ACTION ITEM:
Please print nothing but the lines from the one with "Chomik Миска для" to the last line of the records below, and omit pictures.

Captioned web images
((

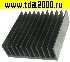Радиатор Радиатор BLA178-100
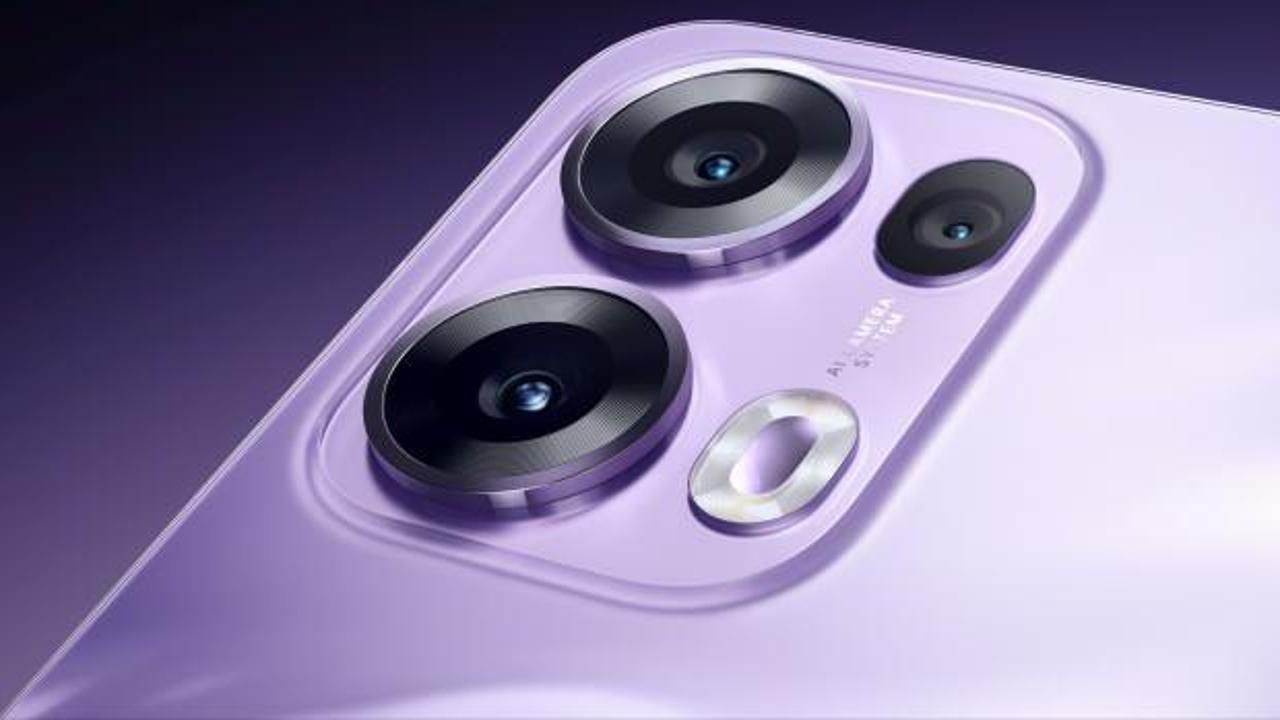 OPPO AI Livephoto ile anları canlı hatıralara dönüştürüyor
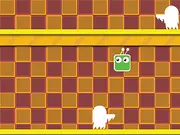 Crazy Jump Halloween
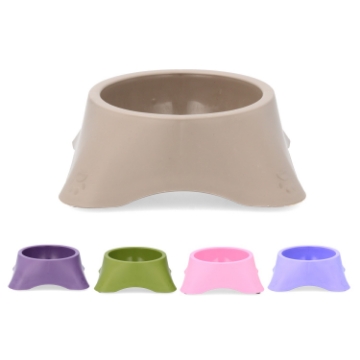 Chomik Миска для собаки или кошки 0,3 л, PLAUP0232 - Home Club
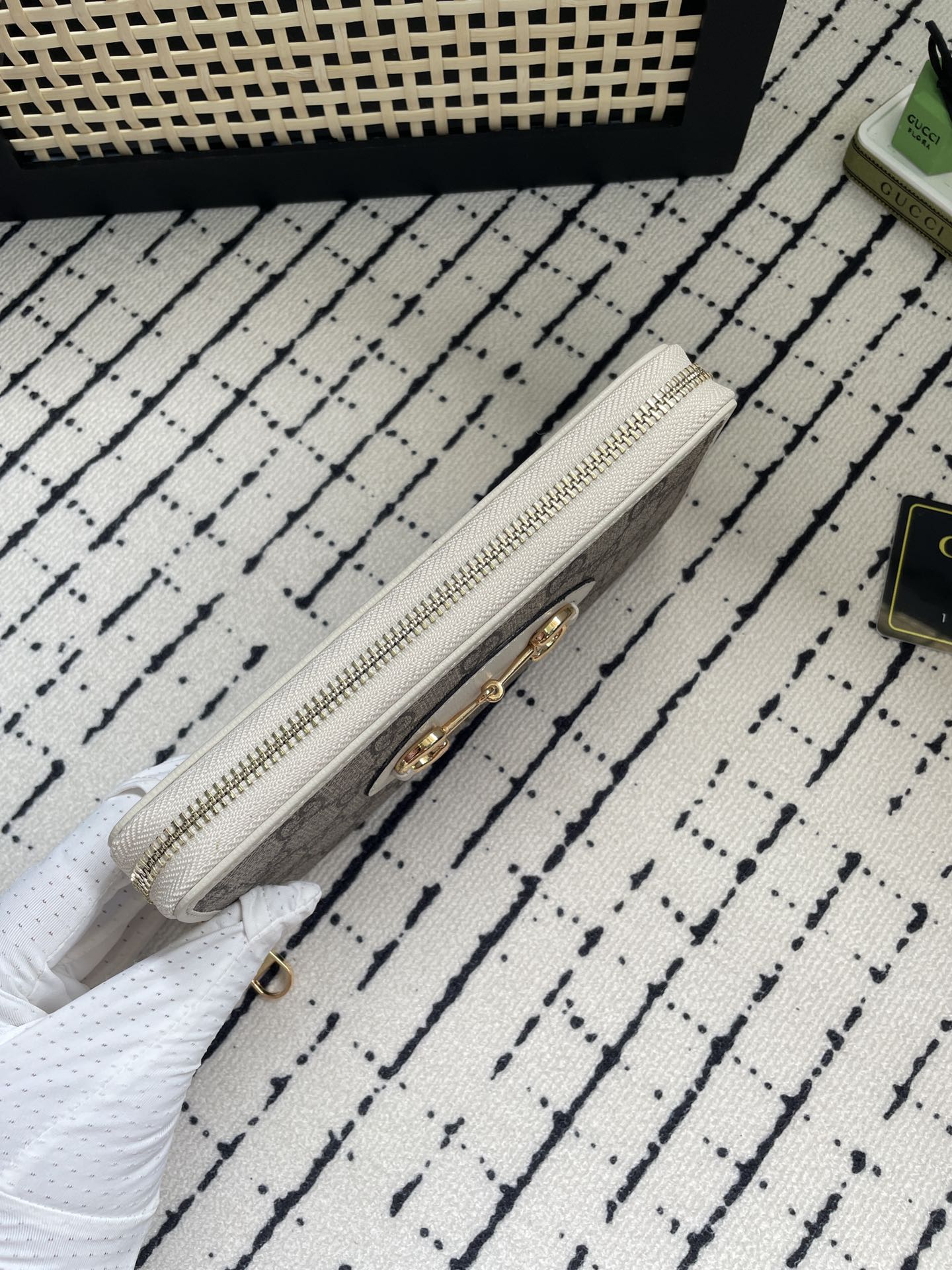 GUCCI 新作財布です 16 zm 95519
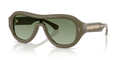Burberry BE4509U  Sunglasses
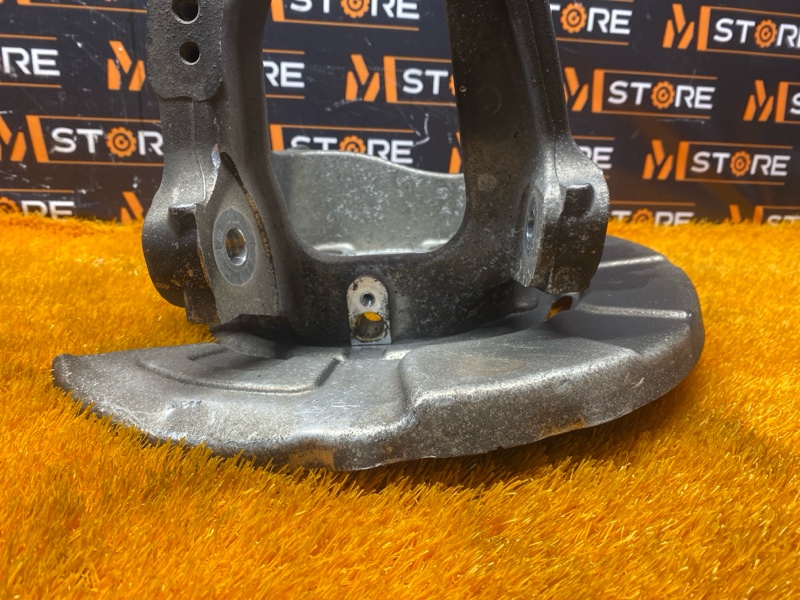 кулак поворотный, 800 рублей, Красноярск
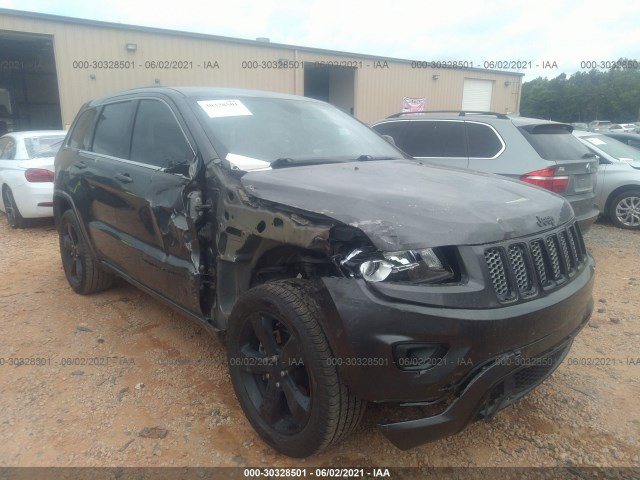 JEEP GRAND CHEROKEE 2014 1c4rjfag0ec580049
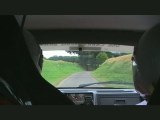Rallye des Routes Picardes 2009 ES 3 Auroir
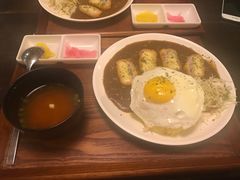 -金龙咖喱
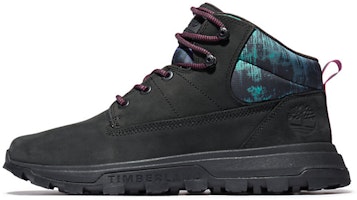 Timberland Chukka 'Black Blue' A2H26015 Timberland Chukka 'Black Blue' A2H26015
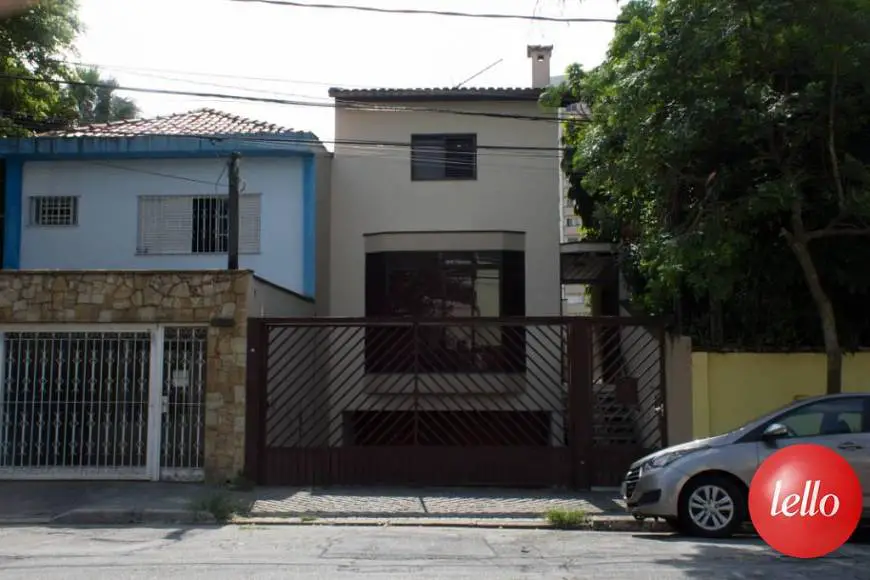Foto 1 de Casa com 4 Quartos à venda, 335m² em Móoca, São Paulo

))

YOUR RESPONSE:
 Chomik Миска для собаки или кошки 0,3 л, PLAUP0232 - Home Club
 GUCCI 新作財布です 16 zm 95519
Burberry BE4509U  Sunglasses
 кулак поворотный, 800 рублей, Красноярск
 JEEP GRAND CHEROKEE 2014 1c4rjfag0ec580049
Rallye des Routes Picardes 2009 ES 3 Auroir
 -金龙咖喱
 Timberland Chukka 'Black Blue' A2H26015 Timberland Chukka 'Black Blue' A2H26015
Foto 1 de Casa com 4 Quartos à venda, 335m² em Móoca, São Paulo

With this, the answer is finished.